What is being asked —
Pictures in the listing should not be copied. Reproduce, word for word, each line from the one holding "Шарф Bereg, серый с синим арт.17176.41" through the final line.

Extracted data —
########

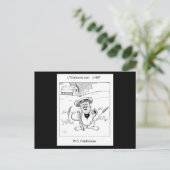 WCフィールドマウスかわいいリトルマウスRick London ポストカード (スタンド正面)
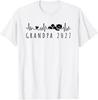 Future Grandpa 2027 Heartbeat Baby Announcement Surprise T-Shirt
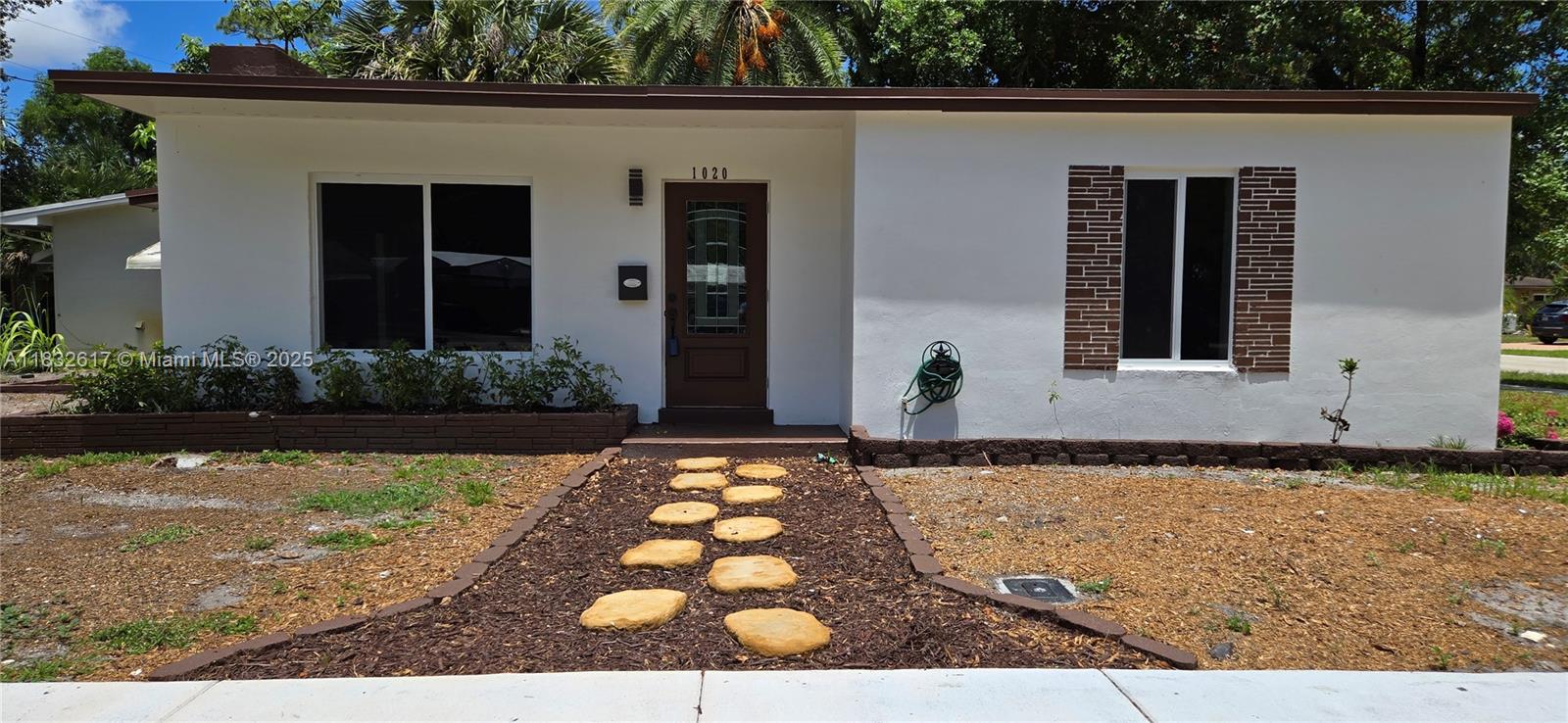 Priced to sell and a rare opportunity to own a single-family home with no HOA in the sought-after Riverside Park community for under 400K! Situated on a spacious corner lot, this 3 bed 1 bath has an open floor plan with working fireplace, new roof, new kitchen with quartz counter tops, new SS appliances, new bathroom and separate laundry room with lots of storage. All new impact windows and doors will help with your energy costs and discounts on insurance. Close proximately to airport, highway, beaches, shopping and entertainment. Lowest priced home in the area that shows well!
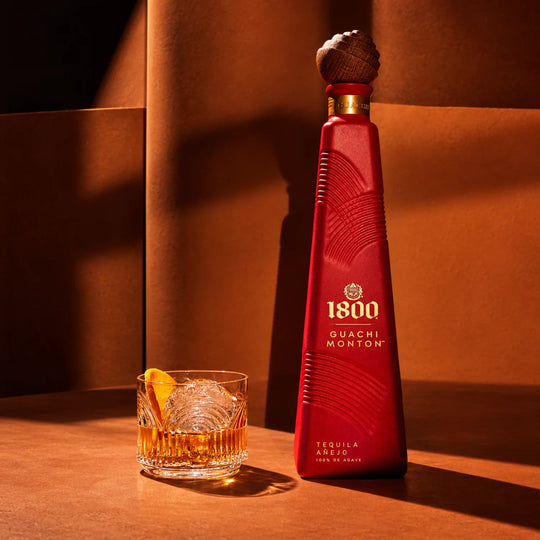 1800 Guachimonton Tequila Anejo with a Glass of Tequila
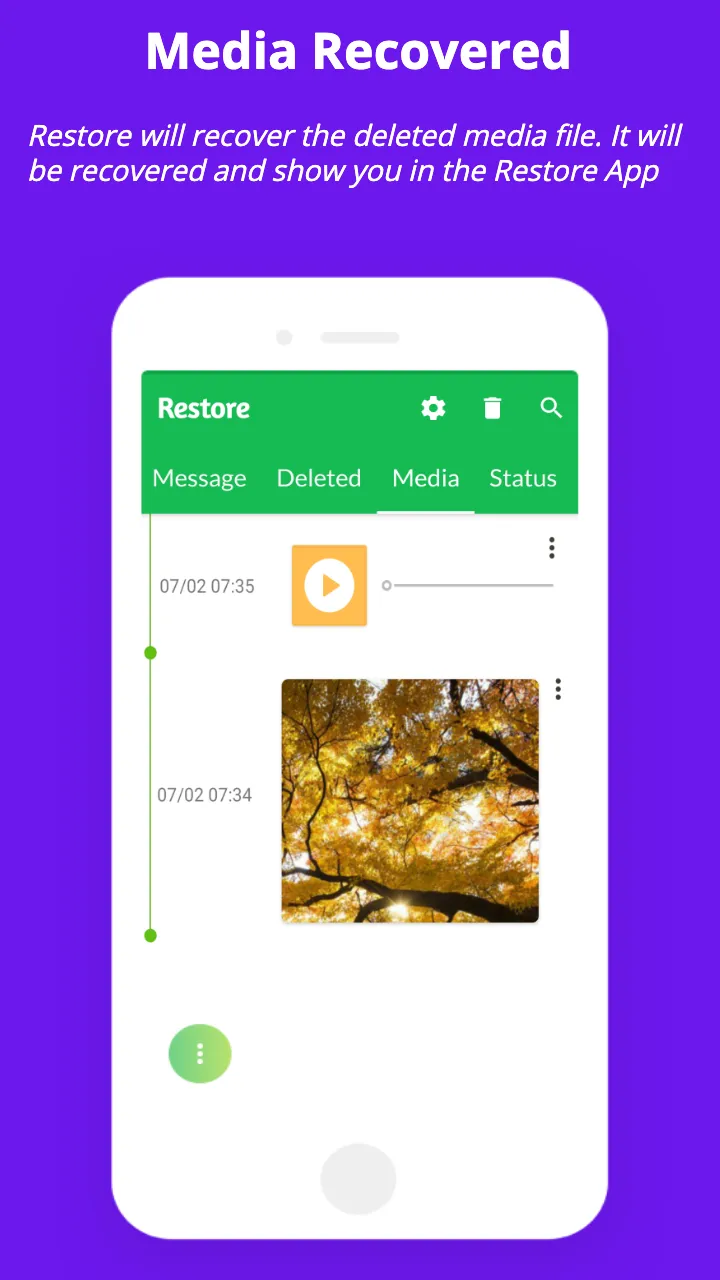 Restore : Recover Deleted mess | Indus Appstore | Screenshot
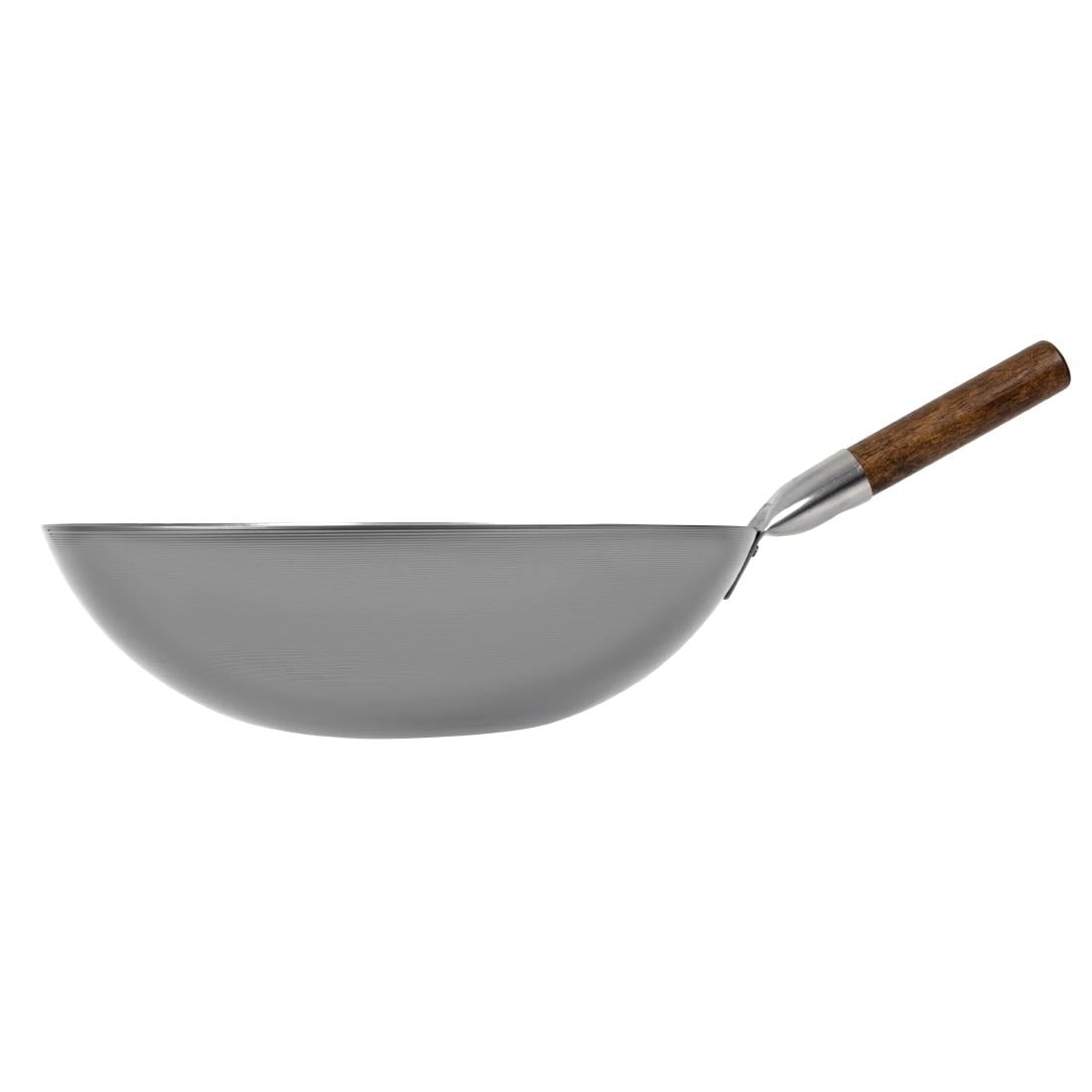 CT246 London Wok wok met ronde bodem 38cm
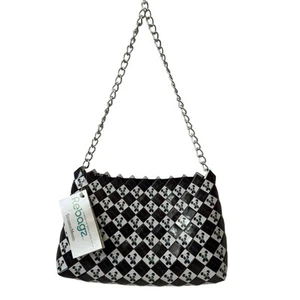 Half the Sky by Rebagz Purse Bag Chain Recycled Material Save Panda Bear - Picture 1 of 12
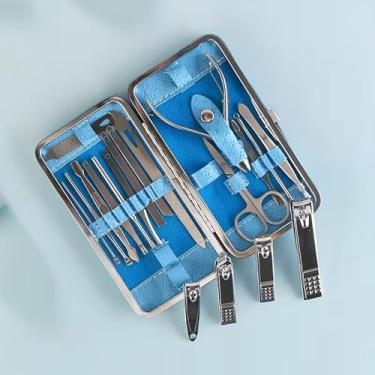 Imagem de Kit de pedicure para cortadores de unhas - Kit de manicure de aço inoxidável com 19 peças, kits profissionais de cuidados com as unhas, ferramentas de cuidado de unhas com estojo de viagem luxuoso
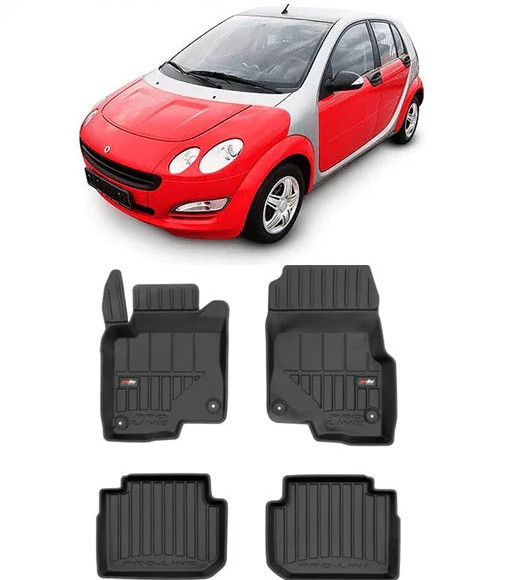 Smart Forfour I Din 2004 - 2006, Hatchback , Set Covorase Auto Tip Tavita Premium 3D, din cauciuc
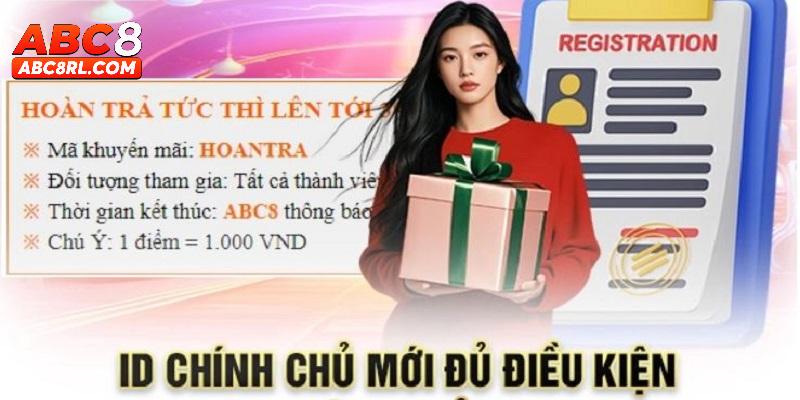 Những quy định trong hoàn trả tức thì không giới hạn lên đến 3% tại ABC8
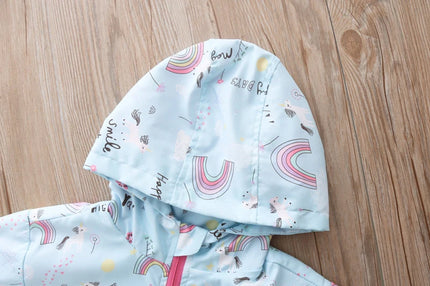 Deine bunte Regenbogen Einhorn Jacke!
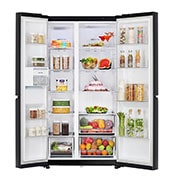 LG 655L, Side-by-Side Refrigerator with Smart Inverter Compressor, Multi Air Flow, Multi Digital Sensors, Express Freezing, Smart Diagnosis™, Western Black Finish, GL-B257HWBY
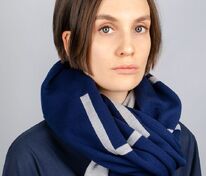 Шарф Bereg, серый с синим арт.17176.41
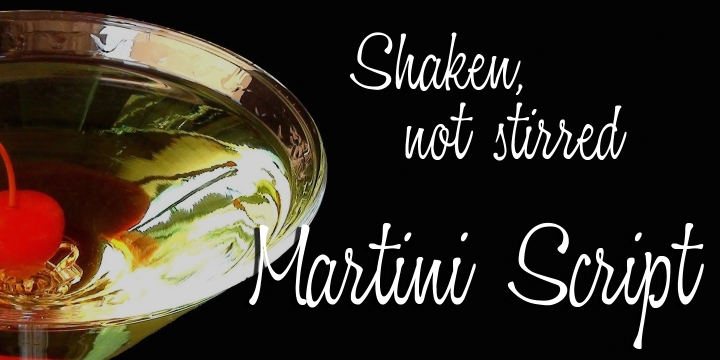 Martini Script is a cool, retro script with its origins in the hand-lettered ads of the 40s and 50s.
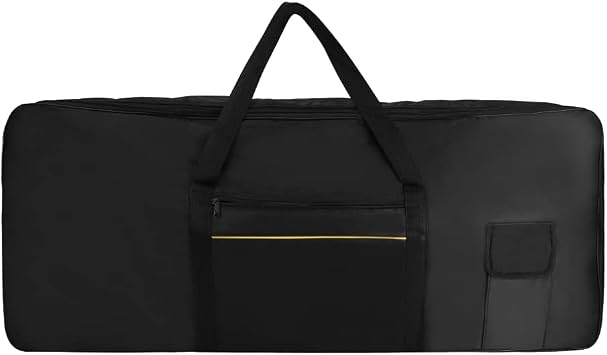 61 Keys Keyboard Case for 61 Keys Keyboard and Electric Piano, Electric Keyboards Bag Piano Gig Bag, Waterproof 420D Oxford Cloth Piano Padded Case black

########

Exercise answer —
 Шарф Bereg, серый с синим арт.17176.41
 Martini Script is a cool, retro script with its origins in the hand-lettered ads of the 40s and 50s.
 61 Keys Keyboard Case for 61 Keys Keyboard and Electric Piano, Electric Keyboards Bag Piano Gig Bag, Waterproof 420D Oxford Cloth Piano Padded Case black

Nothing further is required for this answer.